§ **Task item**
Below are some records. Print exactly the lines between the one holding "Sims 3 — Snowflake" and the one holding "Total Care Program", inclusive, and nothing else.

*** Opening Supplied data ***

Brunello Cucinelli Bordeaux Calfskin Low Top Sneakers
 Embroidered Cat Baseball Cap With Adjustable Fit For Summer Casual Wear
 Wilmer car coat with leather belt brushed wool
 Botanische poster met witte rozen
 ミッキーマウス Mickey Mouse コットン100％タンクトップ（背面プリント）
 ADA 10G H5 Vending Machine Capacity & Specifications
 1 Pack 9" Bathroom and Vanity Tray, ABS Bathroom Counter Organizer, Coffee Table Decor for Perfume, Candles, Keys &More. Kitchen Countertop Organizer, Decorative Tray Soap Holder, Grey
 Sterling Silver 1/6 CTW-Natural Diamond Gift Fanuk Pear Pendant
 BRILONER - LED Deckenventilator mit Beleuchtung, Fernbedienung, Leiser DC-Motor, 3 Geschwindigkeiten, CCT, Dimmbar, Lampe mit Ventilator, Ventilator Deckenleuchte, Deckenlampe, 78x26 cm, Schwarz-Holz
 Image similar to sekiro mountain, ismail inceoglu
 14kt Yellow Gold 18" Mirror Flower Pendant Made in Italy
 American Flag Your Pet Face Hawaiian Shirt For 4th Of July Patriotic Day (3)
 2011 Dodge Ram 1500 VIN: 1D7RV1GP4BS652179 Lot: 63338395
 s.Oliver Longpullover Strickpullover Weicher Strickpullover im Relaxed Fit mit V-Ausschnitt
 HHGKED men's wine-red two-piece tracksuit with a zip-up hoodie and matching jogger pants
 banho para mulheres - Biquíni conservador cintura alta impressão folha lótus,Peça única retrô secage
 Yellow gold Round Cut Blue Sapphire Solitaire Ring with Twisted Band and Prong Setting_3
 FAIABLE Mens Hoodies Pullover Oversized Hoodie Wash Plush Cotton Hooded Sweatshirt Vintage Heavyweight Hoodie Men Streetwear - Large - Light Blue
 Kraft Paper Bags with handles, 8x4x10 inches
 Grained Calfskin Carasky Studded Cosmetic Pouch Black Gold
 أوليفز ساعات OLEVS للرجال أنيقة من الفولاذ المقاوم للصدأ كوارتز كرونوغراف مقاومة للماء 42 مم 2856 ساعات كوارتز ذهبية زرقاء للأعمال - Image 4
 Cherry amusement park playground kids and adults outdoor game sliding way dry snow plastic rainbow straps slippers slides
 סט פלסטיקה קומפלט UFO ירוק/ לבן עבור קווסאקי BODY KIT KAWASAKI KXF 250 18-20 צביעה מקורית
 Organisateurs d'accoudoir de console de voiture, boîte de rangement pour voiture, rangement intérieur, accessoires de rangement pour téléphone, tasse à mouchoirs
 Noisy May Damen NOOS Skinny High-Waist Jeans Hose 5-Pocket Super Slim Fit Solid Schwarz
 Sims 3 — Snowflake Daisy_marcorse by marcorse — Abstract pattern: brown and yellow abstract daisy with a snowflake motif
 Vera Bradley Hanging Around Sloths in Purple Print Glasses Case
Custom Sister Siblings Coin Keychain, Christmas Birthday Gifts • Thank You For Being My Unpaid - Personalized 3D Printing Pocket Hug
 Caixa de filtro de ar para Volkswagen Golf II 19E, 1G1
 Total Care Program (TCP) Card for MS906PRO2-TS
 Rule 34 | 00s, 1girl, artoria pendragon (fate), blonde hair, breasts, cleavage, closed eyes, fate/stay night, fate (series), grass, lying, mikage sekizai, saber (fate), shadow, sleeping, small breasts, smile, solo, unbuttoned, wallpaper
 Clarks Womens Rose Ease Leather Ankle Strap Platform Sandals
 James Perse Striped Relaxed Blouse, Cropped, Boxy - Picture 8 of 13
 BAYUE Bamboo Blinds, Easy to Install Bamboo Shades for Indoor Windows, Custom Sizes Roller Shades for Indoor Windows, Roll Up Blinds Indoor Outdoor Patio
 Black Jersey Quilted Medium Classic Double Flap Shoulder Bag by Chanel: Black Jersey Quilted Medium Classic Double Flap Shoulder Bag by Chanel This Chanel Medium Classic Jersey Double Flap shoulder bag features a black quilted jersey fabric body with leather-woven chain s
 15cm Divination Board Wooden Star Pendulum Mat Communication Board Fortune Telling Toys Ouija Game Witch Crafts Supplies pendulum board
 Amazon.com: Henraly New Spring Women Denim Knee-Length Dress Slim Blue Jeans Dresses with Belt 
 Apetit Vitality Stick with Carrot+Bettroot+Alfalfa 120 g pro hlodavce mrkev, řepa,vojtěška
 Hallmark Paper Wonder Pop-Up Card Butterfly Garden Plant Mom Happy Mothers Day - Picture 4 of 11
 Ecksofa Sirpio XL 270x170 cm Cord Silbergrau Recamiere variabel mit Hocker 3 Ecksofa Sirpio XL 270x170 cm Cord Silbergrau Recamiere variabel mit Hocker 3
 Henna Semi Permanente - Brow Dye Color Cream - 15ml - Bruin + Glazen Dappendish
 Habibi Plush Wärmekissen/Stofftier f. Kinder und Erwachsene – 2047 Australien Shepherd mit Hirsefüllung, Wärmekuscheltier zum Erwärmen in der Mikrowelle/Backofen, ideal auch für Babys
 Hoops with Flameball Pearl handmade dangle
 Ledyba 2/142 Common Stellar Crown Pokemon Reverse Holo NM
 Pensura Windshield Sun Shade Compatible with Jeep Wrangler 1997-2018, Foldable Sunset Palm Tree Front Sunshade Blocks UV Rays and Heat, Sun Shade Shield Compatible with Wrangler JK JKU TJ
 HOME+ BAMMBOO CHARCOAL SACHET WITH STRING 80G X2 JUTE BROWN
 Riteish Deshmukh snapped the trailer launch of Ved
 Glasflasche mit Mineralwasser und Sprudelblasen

*** Closing Supplied data ***

§ **Exercise response**
 Sims 3 — Snowflake Daisy_marcorse by marcorse — Abstract pattern: brown and yellow abstract daisy with a snowflake motif
 Vera Bradley Hanging Around Sloths in Purple Print Glasses Case
Custom Sister Siblings Coin Keychain, Christmas Birthday Gifts • Thank You For Being My Unpaid - Personalized 3D Printing Pocket Hug
 Caixa de filtro de ar para Volkswagen Golf II 19E, 1G1
 Total Care Program (TCP) Card for MS906PRO2-TS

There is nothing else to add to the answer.